He got so good at it that he could page himself out of class.

This was in the 1970s, when ventriloquism was enjoying a resurgence — Waylon Flowers and Madam, Willie Tyler and Lester — in its centuries old boom-and-bust cycle of popularity.

“There were writings on cave walls about ventriloquists,” says Gross. “In ancient times, they might have burned us at the stake.”

He also says he might be wrong about that, as there are some gaps in his education.

“I didn’t really go to school,” he says. “I was making money playing sports my whole life.”

Andy Gross performs at the High Point Theatre on Saturday night.

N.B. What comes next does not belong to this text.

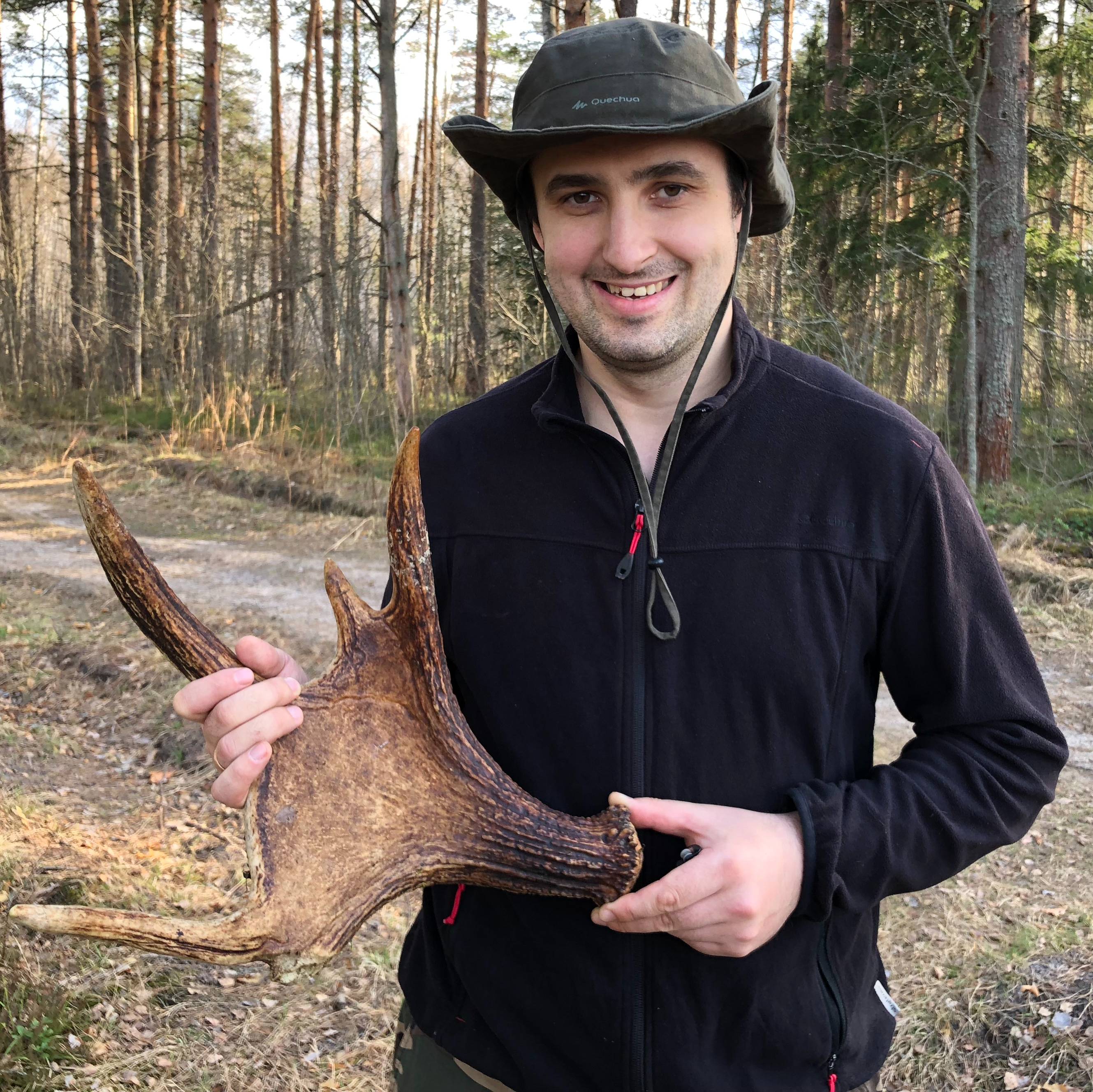 Аватар автора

Gross, who grew up in St. Louis, became a professional racketball player by the time he was 15 years old. He was 26 and living in California when, seemingly overnight, the sport went bust.

“Things were going great,” he says. “I was in my prime. And racketball just died. Just dead. Worse than ventriloquism.”

But at that point, he didn’t know how to do much else.

“I started hitting the comedy clubs with ventriloquism and magic,” he says. “‘Make it funnier,’ they said, so I did, and I kept coming back. Pretty soon I was working cruise ships and corporate gigs.”

It’s taken him pretty far: He’s been in show business for decades; during a brief period of popularity for ventriloquism in the 1990s, he had a guest appearance on “Beverly Hills 90210” and was in the “Growing Pains” spinoff “Just the Ten of Us” before it became uncool again.

Now, he says, it’s back full force.

“On ‘America’s Got Talent,’” he says, “three or four of the last winners or runners-up have been ventriloquists. The top shows in Vegas are ventriloquists. It’s more popular than ever.”